On Holy Saturday, April 11, as Christians contemplate Jesus lying in the tomb, Archbishop Cesare Nosiglia will lead a liturgy of prayer and contemplation before the shroud at 5pm local time (3am New Zealand time, Sunday, April 12).

The prayer service will be live-streamed along with live images of the 14-foot-by-4-foot shroud, which has a full-length photonegative image of a man, front and back, bearing signs of wounds that correspond to the Gospel accounts of the torture Jesus endured in his passion and death.

As of April 5, the Archdiocese of Turin said it was finalising the plans and would publish a list of participating television stations and links to the livestream later in the week.
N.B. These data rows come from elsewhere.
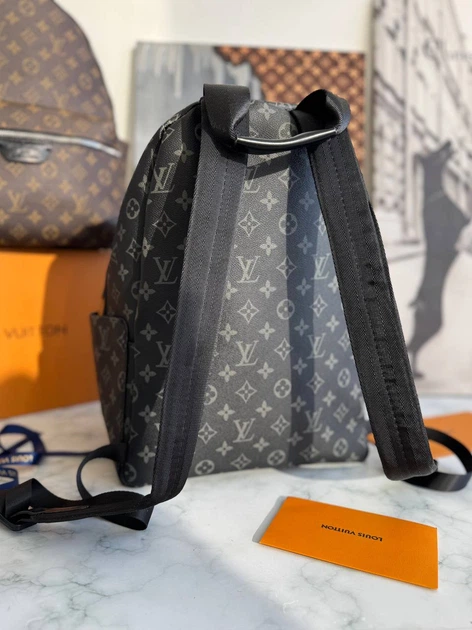 Классический рюкзак среднего размера Louis Vuitton Discovery черный(017) - Фото 8 Классический рюкзак среднего размера Louis Vuitton Discovery черный(017) - изображение 8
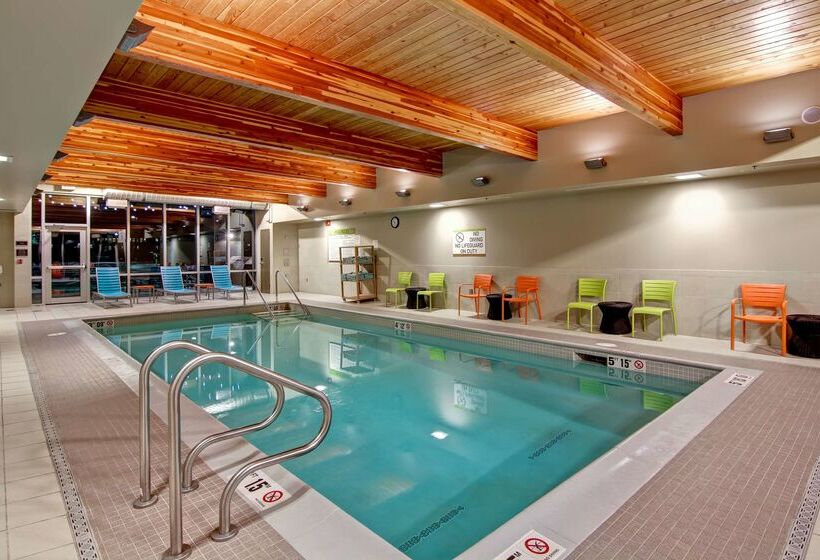 ホテル Home2 Suites By Hilton West Edmonton, Alberta, Canada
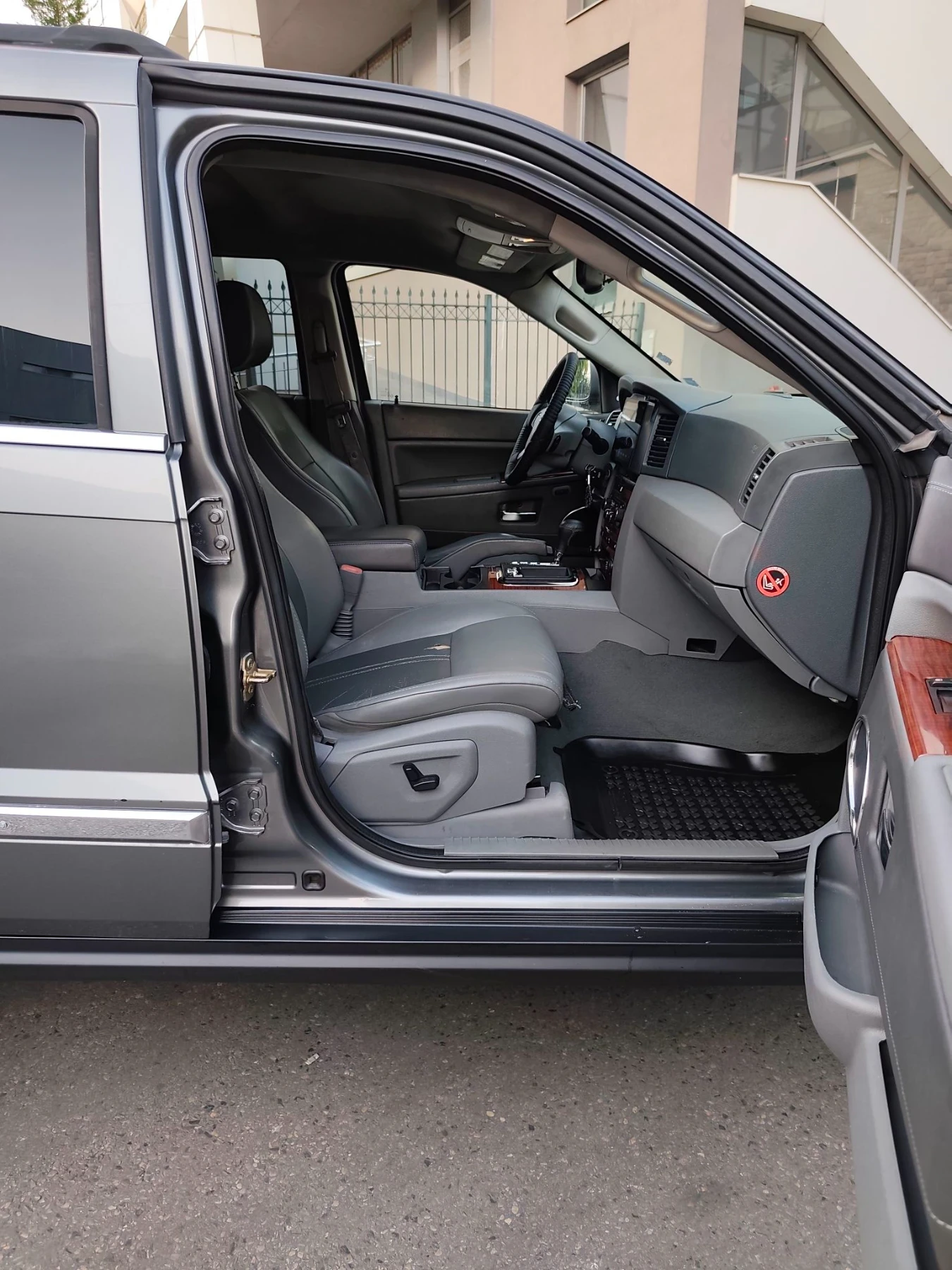 Jeep Grand cherokee 3.0 CRD  LIMITED, Перфектно , снимка 10 - Автомобили и джипове - 56134081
Announcing the special display, Archbishop Nosiglia said on April 4 that he had received “thousands and thousands” of messages “asking me if, in this time of grave difficulty we are going through, it would be possible to pray this Holy Week before the shroud” and ask God for “the grace to defeat evil as he did, trusting in the goodness and mercy of God”.

The archbishop told Vatican News that the online viewing of the shroud could be “much better” than seeing it in person because the cameras will allow viewers to see it up close and to remain at length with the image.

The image of the crucified man on the shroud, he said, “will go to the heart and the sadness of many people who will follow us. It will be like staying with the Lord on the day we await his Resurrection”.